Supplied records: Begin

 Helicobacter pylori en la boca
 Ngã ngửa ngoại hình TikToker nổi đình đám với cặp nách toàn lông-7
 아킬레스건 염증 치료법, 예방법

Supplied records: End
Supplied records: Begin

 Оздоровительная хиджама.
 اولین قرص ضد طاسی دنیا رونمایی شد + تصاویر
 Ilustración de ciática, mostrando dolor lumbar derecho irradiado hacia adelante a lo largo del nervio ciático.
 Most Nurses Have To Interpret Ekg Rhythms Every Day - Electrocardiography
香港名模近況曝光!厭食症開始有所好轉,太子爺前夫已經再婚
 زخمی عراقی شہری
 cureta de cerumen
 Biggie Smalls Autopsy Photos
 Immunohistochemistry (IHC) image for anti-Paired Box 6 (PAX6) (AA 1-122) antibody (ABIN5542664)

Supplied records: End

> **Instructions to follow**: Will you return exactly the lines above from the one with "Helicobacter pylori en la boca" down to the one with "아킬레스건 염증 치료법, 예방법", counting both as part of the range?

> **Output for this task**:
 Helicobacter pylori en la boca
 Ngã ngửa ngoại hình TikToker nổi đình đám với cặp nách toàn lông-7
 아킬레스건 염증 치료법, 예방법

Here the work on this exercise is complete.